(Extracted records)

__________

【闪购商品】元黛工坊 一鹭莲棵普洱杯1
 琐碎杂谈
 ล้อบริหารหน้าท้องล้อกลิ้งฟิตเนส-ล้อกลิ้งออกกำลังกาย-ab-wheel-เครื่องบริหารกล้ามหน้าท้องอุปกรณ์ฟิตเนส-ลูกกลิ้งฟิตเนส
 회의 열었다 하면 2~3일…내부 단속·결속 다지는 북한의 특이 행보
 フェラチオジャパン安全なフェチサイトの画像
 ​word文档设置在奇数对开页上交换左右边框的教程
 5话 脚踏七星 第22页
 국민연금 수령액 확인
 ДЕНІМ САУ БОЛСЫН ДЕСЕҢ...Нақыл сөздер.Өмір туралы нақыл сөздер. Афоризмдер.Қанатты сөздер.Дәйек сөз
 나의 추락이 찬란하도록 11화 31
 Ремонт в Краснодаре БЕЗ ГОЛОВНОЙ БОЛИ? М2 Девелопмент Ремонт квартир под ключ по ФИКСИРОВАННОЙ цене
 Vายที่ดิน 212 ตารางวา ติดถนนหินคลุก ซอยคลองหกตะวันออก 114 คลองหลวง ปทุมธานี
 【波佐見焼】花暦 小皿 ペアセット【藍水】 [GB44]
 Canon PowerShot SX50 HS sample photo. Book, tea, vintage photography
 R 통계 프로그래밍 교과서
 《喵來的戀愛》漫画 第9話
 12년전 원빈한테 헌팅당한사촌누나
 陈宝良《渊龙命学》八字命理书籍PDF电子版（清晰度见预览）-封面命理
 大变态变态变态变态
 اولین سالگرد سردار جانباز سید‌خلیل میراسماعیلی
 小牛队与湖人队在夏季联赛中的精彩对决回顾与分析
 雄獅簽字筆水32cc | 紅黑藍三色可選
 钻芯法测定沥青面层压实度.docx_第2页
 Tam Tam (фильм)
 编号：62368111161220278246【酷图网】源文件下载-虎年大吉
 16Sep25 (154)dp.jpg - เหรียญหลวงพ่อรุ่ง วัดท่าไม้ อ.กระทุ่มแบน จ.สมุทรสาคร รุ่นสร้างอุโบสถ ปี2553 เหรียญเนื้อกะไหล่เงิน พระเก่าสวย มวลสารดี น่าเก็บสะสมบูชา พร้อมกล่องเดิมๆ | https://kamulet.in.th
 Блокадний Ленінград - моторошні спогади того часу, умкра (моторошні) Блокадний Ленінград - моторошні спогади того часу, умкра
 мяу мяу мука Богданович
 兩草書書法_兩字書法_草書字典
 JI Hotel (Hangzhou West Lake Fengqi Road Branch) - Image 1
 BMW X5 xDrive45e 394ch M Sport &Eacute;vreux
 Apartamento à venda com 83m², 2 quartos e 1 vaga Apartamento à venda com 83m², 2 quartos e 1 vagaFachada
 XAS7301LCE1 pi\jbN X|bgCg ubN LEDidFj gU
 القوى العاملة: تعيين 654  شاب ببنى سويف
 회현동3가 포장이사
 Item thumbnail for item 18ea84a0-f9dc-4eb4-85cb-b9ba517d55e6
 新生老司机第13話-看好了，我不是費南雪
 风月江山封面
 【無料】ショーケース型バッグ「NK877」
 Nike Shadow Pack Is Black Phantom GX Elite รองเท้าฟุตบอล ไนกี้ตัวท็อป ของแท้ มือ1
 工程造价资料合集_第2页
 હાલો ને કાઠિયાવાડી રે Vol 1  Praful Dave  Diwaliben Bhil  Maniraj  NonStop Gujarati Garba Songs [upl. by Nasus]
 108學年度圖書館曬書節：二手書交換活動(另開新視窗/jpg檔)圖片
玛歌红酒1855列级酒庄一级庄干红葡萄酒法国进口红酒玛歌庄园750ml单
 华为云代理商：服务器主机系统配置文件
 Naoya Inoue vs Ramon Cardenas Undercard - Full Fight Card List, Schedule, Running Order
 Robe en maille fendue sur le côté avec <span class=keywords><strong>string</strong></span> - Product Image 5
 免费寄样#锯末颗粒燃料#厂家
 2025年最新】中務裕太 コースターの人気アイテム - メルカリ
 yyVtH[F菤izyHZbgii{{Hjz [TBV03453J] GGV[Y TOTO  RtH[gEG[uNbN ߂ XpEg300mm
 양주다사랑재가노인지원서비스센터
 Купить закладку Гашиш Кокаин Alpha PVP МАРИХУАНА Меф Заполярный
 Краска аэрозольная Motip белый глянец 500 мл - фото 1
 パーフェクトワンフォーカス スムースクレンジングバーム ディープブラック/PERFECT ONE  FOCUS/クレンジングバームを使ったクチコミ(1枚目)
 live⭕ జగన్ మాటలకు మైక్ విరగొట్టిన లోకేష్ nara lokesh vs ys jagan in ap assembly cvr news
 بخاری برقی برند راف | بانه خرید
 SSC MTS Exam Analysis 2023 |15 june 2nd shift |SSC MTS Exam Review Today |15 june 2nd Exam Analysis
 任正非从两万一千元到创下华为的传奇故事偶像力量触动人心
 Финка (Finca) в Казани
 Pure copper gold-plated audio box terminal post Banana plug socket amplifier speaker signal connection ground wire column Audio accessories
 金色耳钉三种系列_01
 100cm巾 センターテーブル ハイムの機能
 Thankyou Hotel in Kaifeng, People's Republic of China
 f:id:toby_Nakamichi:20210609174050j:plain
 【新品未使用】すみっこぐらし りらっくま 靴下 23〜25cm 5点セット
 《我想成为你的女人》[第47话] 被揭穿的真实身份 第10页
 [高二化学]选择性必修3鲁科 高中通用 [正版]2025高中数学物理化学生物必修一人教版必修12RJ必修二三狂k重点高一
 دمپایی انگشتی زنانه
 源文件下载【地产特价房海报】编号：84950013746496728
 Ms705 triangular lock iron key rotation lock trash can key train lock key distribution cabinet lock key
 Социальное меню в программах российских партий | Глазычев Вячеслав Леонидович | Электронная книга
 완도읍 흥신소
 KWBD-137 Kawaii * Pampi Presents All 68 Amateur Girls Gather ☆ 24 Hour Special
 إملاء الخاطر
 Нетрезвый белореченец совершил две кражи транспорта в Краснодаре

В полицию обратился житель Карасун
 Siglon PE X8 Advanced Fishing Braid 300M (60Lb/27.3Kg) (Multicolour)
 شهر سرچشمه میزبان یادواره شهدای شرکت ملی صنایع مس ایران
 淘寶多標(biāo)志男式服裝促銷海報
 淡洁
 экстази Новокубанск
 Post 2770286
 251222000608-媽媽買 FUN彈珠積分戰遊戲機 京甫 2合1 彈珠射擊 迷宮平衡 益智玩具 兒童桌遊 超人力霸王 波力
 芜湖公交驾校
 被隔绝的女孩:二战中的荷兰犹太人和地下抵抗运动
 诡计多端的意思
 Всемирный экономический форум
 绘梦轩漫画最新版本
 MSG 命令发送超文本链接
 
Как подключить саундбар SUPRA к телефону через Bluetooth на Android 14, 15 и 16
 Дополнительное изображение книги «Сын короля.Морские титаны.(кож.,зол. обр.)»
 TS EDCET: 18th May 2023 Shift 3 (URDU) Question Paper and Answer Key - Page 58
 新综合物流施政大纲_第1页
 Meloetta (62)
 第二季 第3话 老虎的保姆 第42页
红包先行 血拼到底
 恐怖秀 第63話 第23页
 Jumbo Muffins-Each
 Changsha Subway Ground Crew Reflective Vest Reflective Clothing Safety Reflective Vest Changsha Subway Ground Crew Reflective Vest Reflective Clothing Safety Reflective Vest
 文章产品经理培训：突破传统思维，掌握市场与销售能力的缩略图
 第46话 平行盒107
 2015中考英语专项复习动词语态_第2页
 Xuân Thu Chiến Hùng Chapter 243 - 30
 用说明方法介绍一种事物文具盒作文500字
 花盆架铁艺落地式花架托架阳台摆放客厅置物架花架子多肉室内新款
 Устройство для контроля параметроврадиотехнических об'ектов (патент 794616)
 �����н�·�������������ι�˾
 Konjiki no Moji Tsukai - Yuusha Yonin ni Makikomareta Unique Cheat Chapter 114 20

__________

- **GOAL OF THE EXERCISE**
Beginning at the line with "SSC MTS Exam Analysis" and ending at the line with "100cm巾 センターテーブル ハイムの機能", reproduce each line of the data above exactly, and add no other lines.

- **ANSWER SECTION**
 SSC MTS Exam Analysis 2023 |15 june 2nd shift |SSC MTS Exam Review Today |15 june 2nd Exam Analysis
 任正非从两万一千元到创下华为的传奇故事偶像力量触动人心
 Финка (Finca) в Казани
 Pure copper gold-plated audio box terminal post Banana plug socket amplifier speaker signal connection ground wire column Audio accessories
 金色耳钉三种系列_01
 100cm巾 センターテーブル ハイムの機能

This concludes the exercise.